Fue muy emotivo. A medida que escribía, iban apareciendo recuerdos, imágenes y sensaciones muy reales. Es un libro que escribí despacio, sintiendo cada escena, tratando de transmitir emociones más que solamente contar una historia.

-Las ilustraciones son muy bellas. Contanos quién las hace y cómo conectan para reflejar el cuento en los dibujos.

Las ilustraciones son fundamentales porque ayudan a darle vida y emoción a cada página. El ilustrador, Rafael Dabrowski, hace un trabajo muy lindo.

Siempre trato de transmitir lo que siento con cada escena para que la ilustración acompañe esa emoción y refleje la esencia del campo, la ternura y los detalles simples de la historia.

-El libro pone el foco en el amor entre abuelos y nietos en el ámbito rural. ¿Qué significa para vos “abuelar” y por qué quisiste reflejarlo en esta obra?

Para mí, “abuelar” es amar desde la presencia, la paciencia y los pequeños momentos compartidos. Es una palabra muy especial que aparece en la contratapa del libro y que escribió mi amiga Luciana Gómez. Cuando la leí, sentí que representaba perfectamente la esencia de esta historia y todo lo que quería transmitir sobre el vínculo entre abuelos y nietos.

-¿Qué recuerdos, costumbres o escenas de la vida de campo aparecen reflejadas en el libro?

Aparecen muchas escenas cotidianas del campo: los mates, los silencios, los amaneceres, los animales, las recorridas, las enseñanzas simples y el valor de compartir tiempo juntos. Son cosas que quizás parecen pequeñas, pero que terminan siendo los recuerdos más importantes de la vida.

-La obra habla de memoria, raíces y transmisión de saberes. ¿Creés que hoy es más importante que nunca rescatar esas historias familiares?
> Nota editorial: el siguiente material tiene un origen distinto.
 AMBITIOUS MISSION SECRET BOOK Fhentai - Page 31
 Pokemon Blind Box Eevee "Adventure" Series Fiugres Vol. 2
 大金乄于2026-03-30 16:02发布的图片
Sí, totalmente. Creo que hoy más que nunca necesitamos volver a las raíces, escuchar más a nuestros mayores y valorar esas historias familiares, que muchas veces guardan enseñanzas enormes. Vivimos muy rápido y a veces olvidamos lo importante. Estas historias ayudan a conectar con la identidad, con la familia y con las emociones verdaderas.
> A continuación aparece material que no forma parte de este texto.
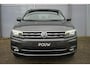 Volkswagen Tiguan 1.4 TSI 150pk DSG 4Motion Highline Business R | Panoramadak | 360 Camera | Trekhaak | Leder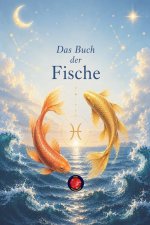 Das Buch der Fische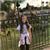galit631631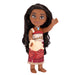 Disney Vaiana Moana 2 doll 15cm-5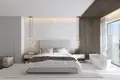 Дом 3 спальни 187 м² Фуэнхирола, Испания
-¿Hubo momentos especialmente emotivos durante la creación?

Sí, muchos. Hubo partes que escribí emocionándome muchísimo. Incluso personas que ya leyeron el libro me dijeron que no podían terminarlo sin llorar, y eso para mí significa mucho porque quiere decir que la historia logró llegar al corazón.

-¿Cómo es tu experiencia al presentar este libro en cada lugar al que vas? ¿Qué percibís en la gente?

Está siendo una experiencia muy hermosa. Ya voy por mi quinto libro y, en cada presentación, sigo emocionándome como la primera vez. Percibo mucha emoción, mucha identificación con las historias y también muchos recuerdos que se despiertan en la gente. Muchas personas me hablan de sus propios abuelos, de su infancia o de momentos vividos en el campo, y eso es muy movilizante para mí.

Además, he tenido la posibilidad de visitar varias escuelas e instituciones, donde los chicos participan muchísimo y se conectan de una manera muy genuina con los libros. Poder compartir la lectura, escuchar lo que sienten y ver cómo las historias despiertan emociones e imaginación es una de las partes más lindas de este camino.

También disfruto mucho visitar hogares de abuelos, porque siento que allí las historias cobran un valor muy especial. Escuchar sus recuerdos, compartir charlas y ver cómo se emocionan con los libros es algo que me llega profundamente al corazón.

Me gustaría seguir llevando este libro a las escuelas, porque creo que estos encuentros ayudan a fomentar la lectura y también a valorar nuestras raíces, los vínculos familiares y la vida de campo.